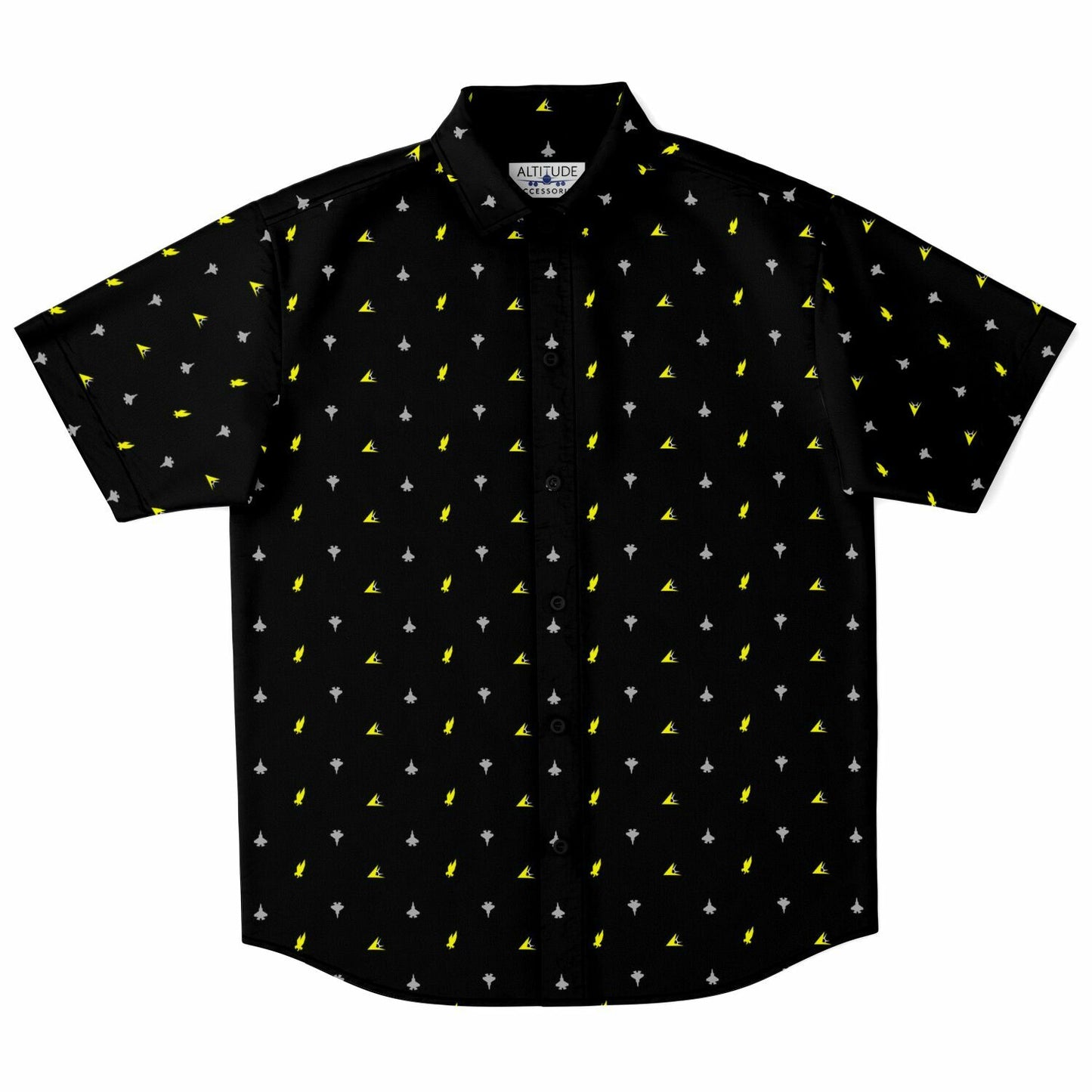 VFA-115 F-35C Men's Short Sleeve Button Down Shirt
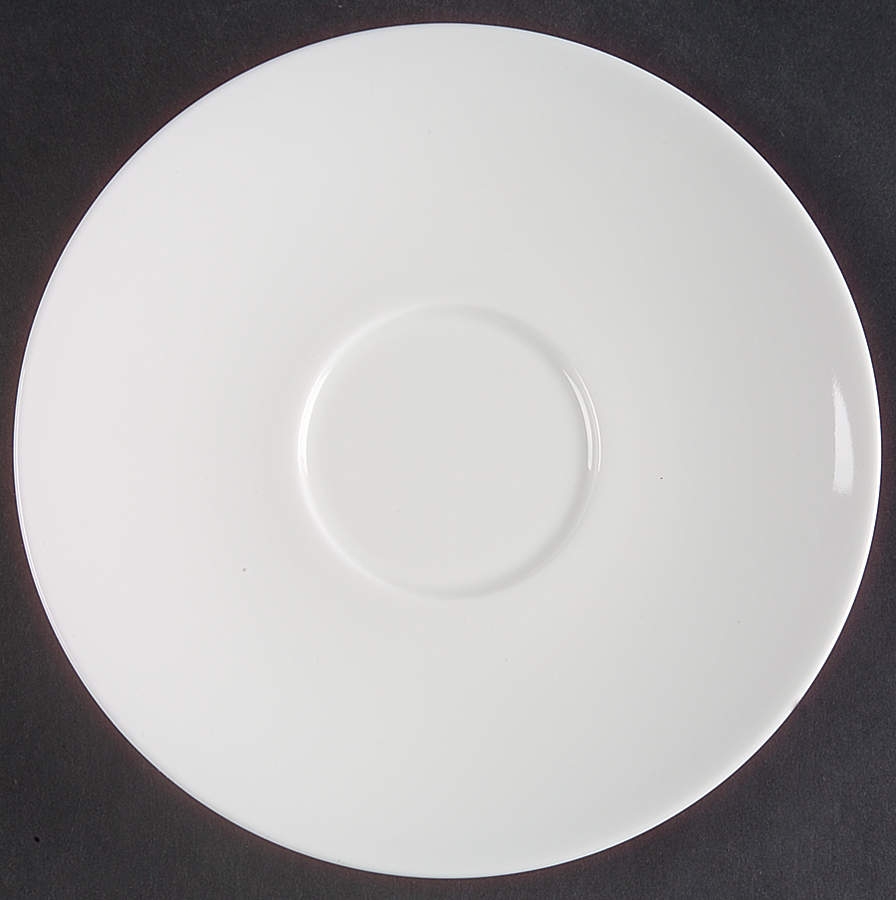 Jasper Conran (Bone, Plain) Saucer by Wedgwood-1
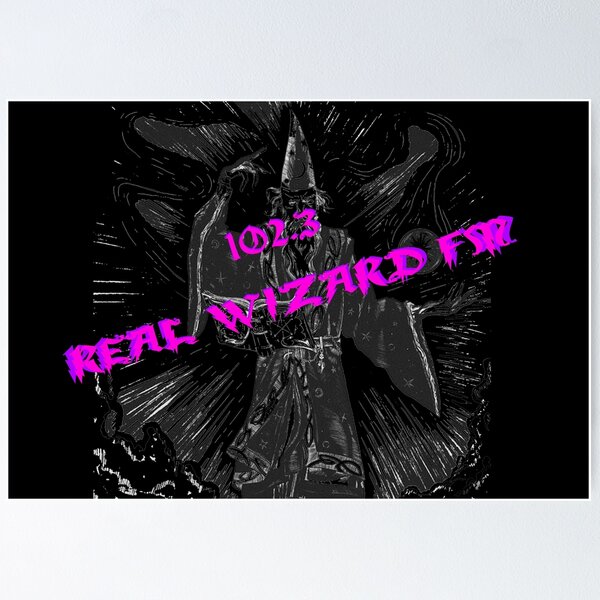 Item preview, 102.3 REAL WIZARD FM designed and sold by btiebsuit955.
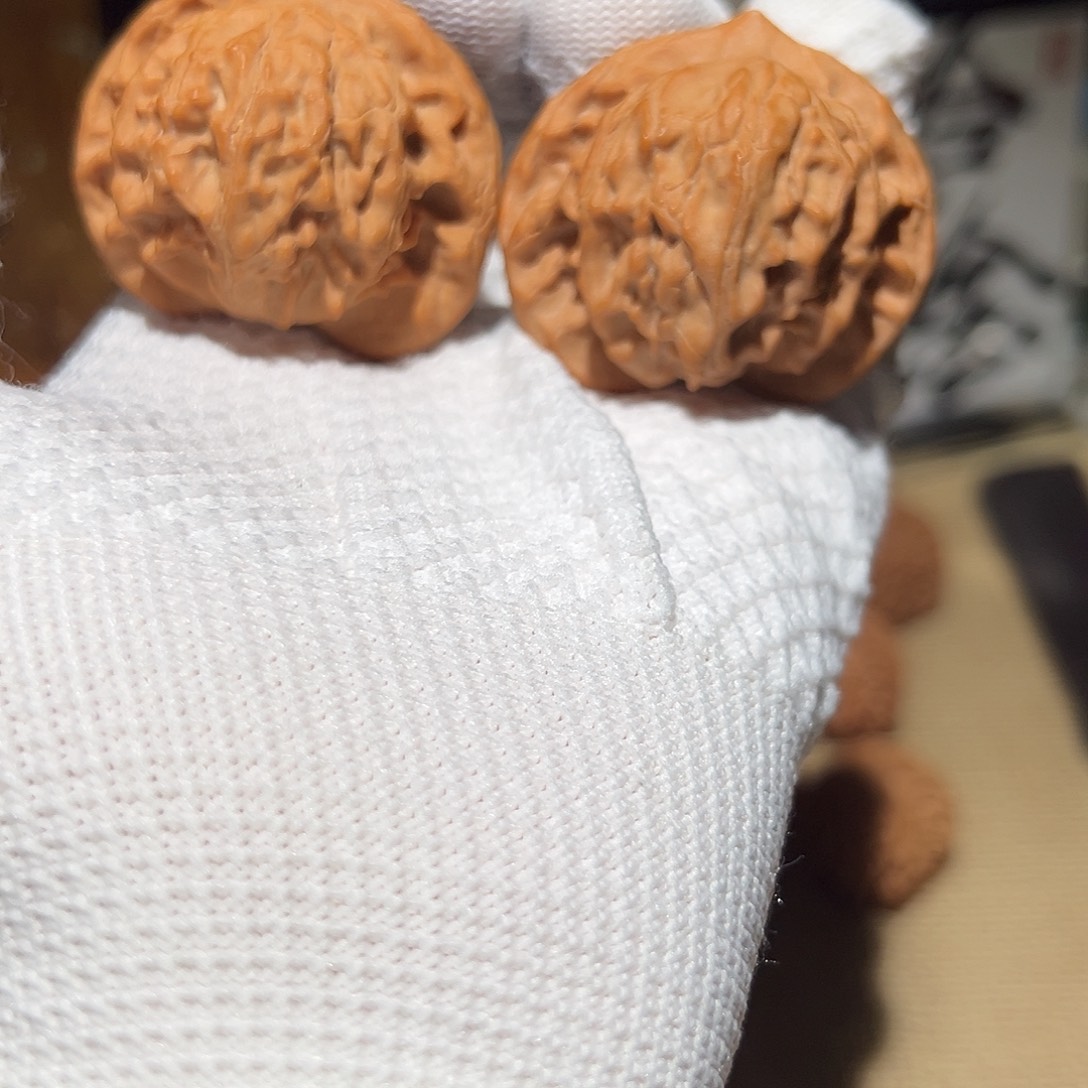 说***号文玩核桃把件核桃等农作物种植面积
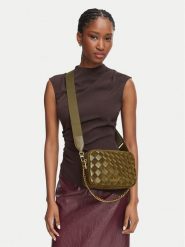 MICHAEL Michael Kors Torebka Bryant 32F6AYTC6S Khaki. Brązowe listonoszki damskie MICHAEL Michael Kors, bez wzorów, bez dodatków. Za 1,099.00 zł.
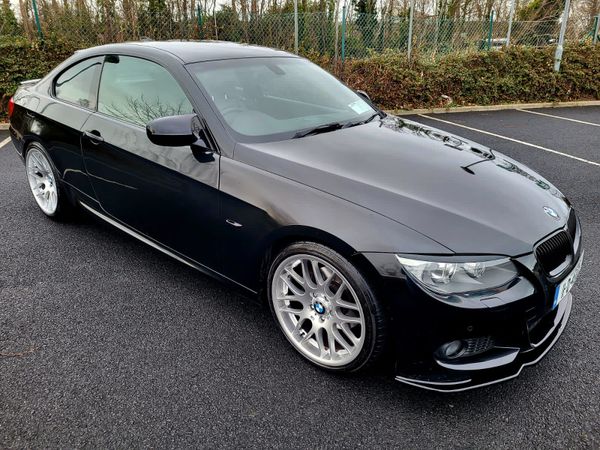 BMW 3-Series Coupe, Diesel, 2011, Black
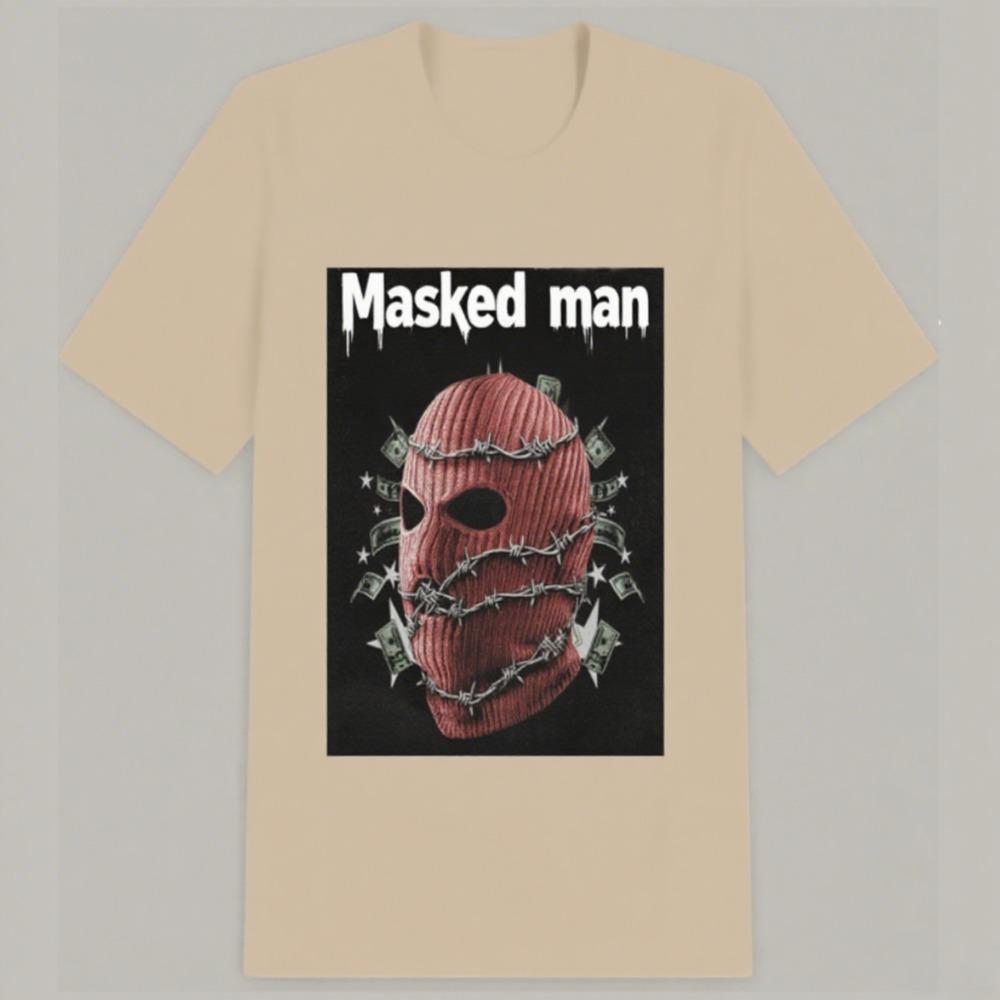 Trendový potisk Pár Přílivová značka Prodyšné Tričko s krátkým rukávem Vznikající umění Denní styl Bavlna Dámské Nové Street Style Top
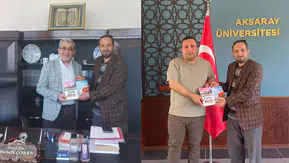 Araştırmacı Yazar Boylu, Konyalı Akademisyenleri ziyaret etti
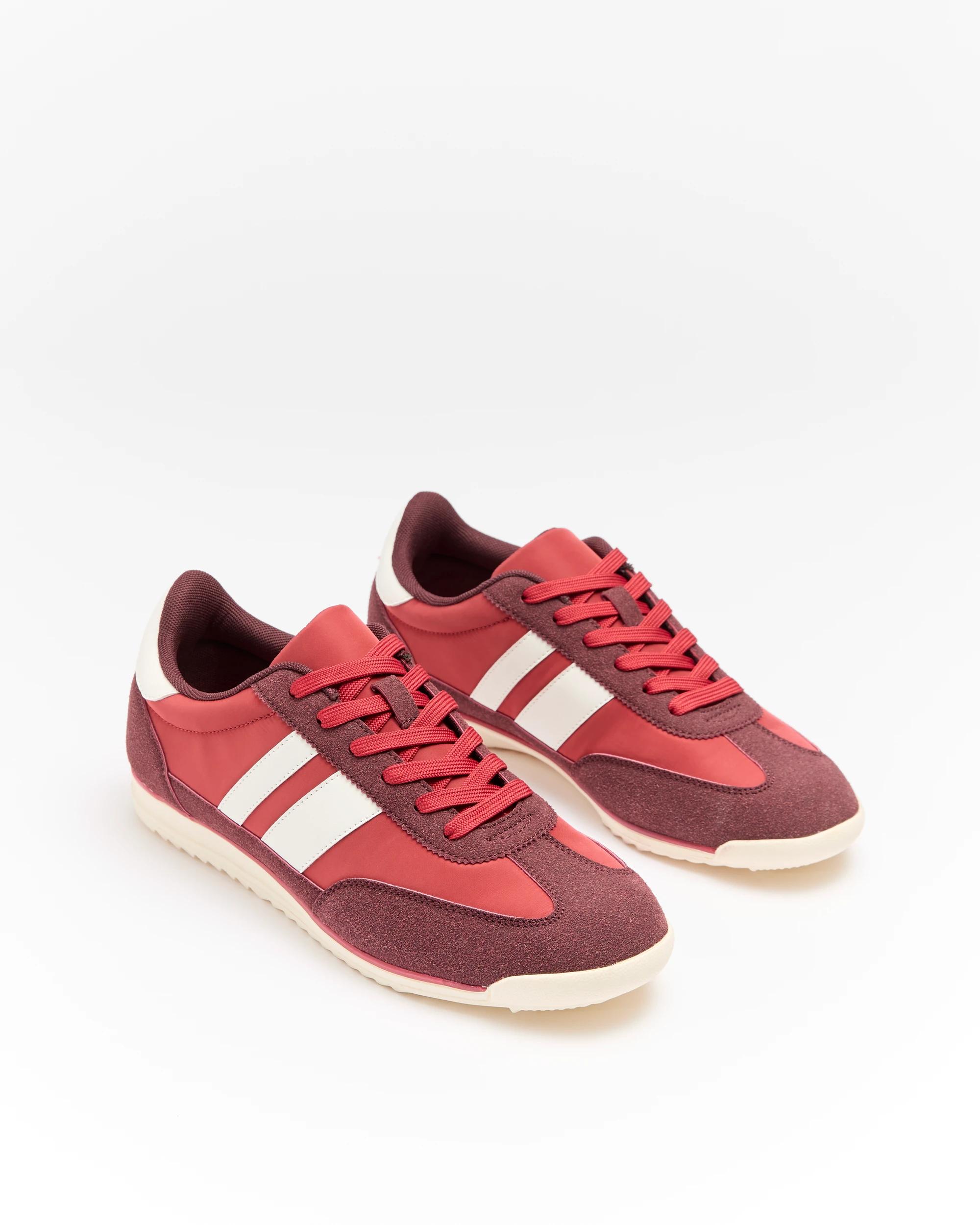 3 Target Woman Womens Nylon Athletic Sneaker - Lindsay RED, 3 of 3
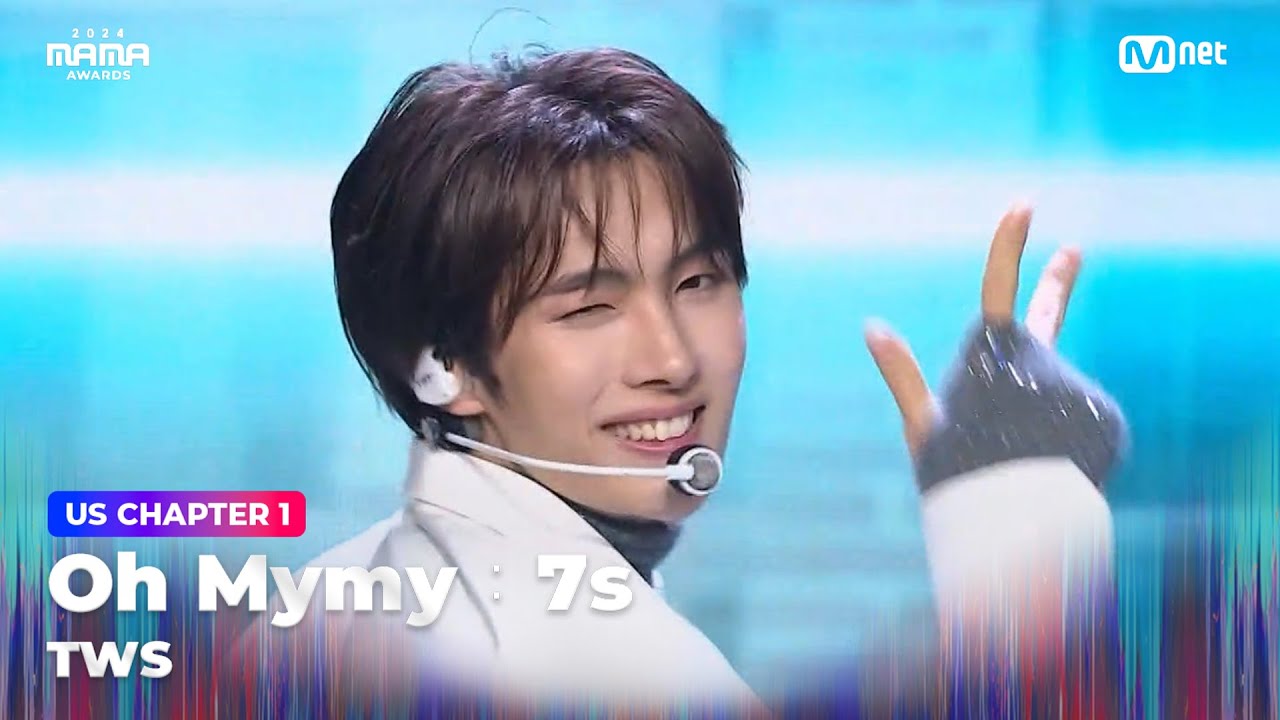 [#2024MAMA] TWS (투어스) - Oh Mymy：7s | Mnet 241122 방송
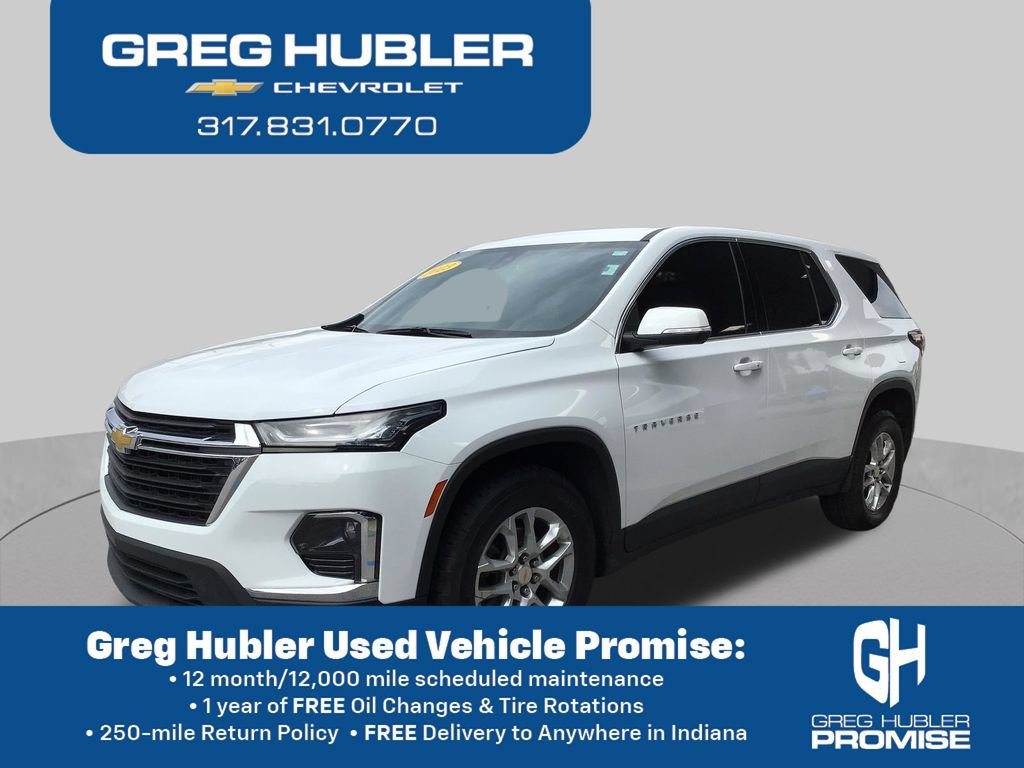 Used 2023 Chevrolet Traverse LS w/ Safety Package FWD image 12
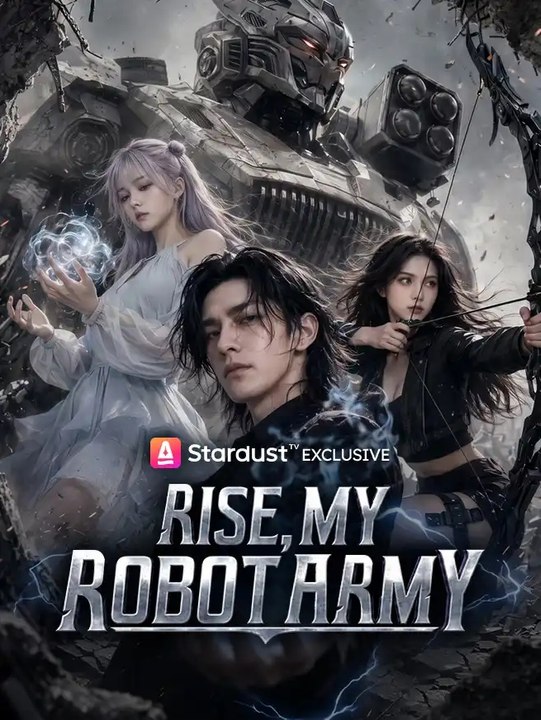 Rise, My Robot Army Full HD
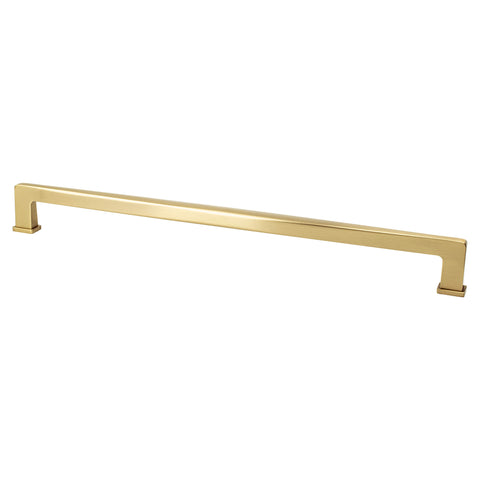 Subtle Surge 18 inch CC Modern Brushed Gold Appliance Pull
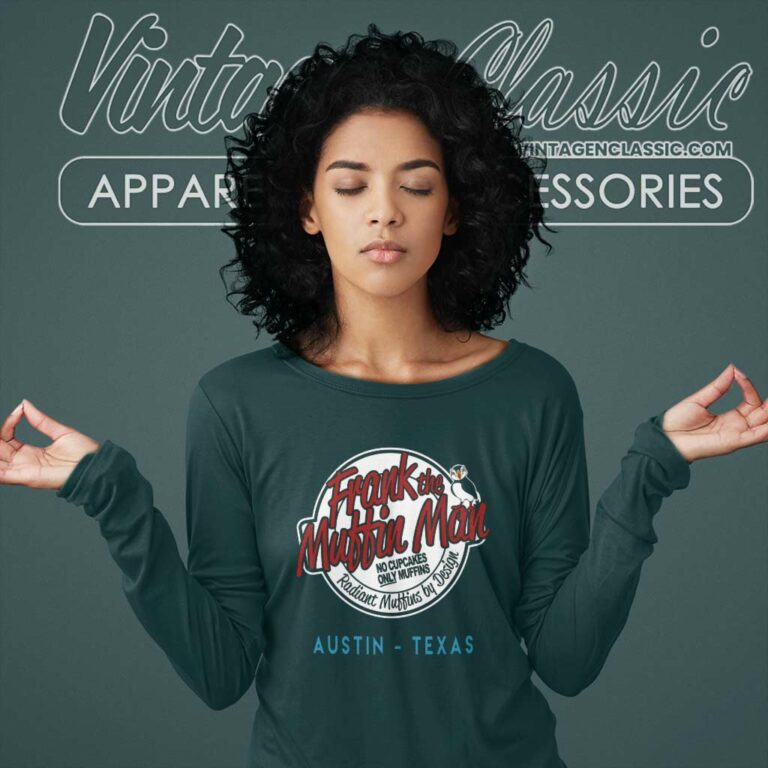 Frank Zappa Inspired Muffin Man Long Sleeve Tee Frank Zappa Inspired Muffin Man Long Sleeve Tee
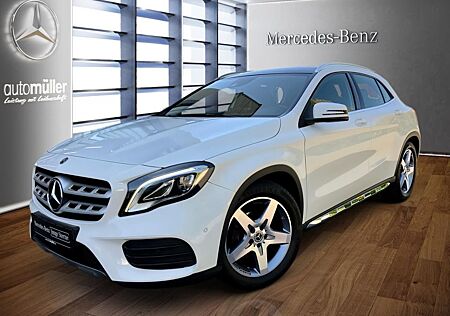 Mercedes-Benz GLA 200 AMG-PANO+LED+SITZHZG+TEMPOMAT+NAVI+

» **ASSIGNMENT**: Your task is to reproduce exactly the lines from the one that holds "Araştırmacı Yazar Boylu, Konyalı" to the last line of the listing, and only those, omitting the pictures.

» **SOLUTION TO THE EXERCISE**:
 Araştırmacı Yazar Boylu, Konyalı Akademisyenleri ziyaret etti
 3 Target Woman Womens Nylon Athletic Sneaker - Lindsay RED, 3 of 3
 [#2024MAMA] TWS (투어스) - Oh Mymy：7s | Mnet 241122 방송
 Used 2023 Chevrolet Traverse LS w/ Safety Package FWD image 12
 Rise, My Robot Army Full HD
 Subtle Surge 18 inch CC Modern Brushed Gold Appliance Pull
 Frank Zappa Inspired Muffin Man Long Sleeve Tee Frank Zappa Inspired Muffin Man Long Sleeve Tee
 Mercedes-Benz GLA 200 AMG-PANO+LED+SITZHZG+TEMPOMAT+NAVI+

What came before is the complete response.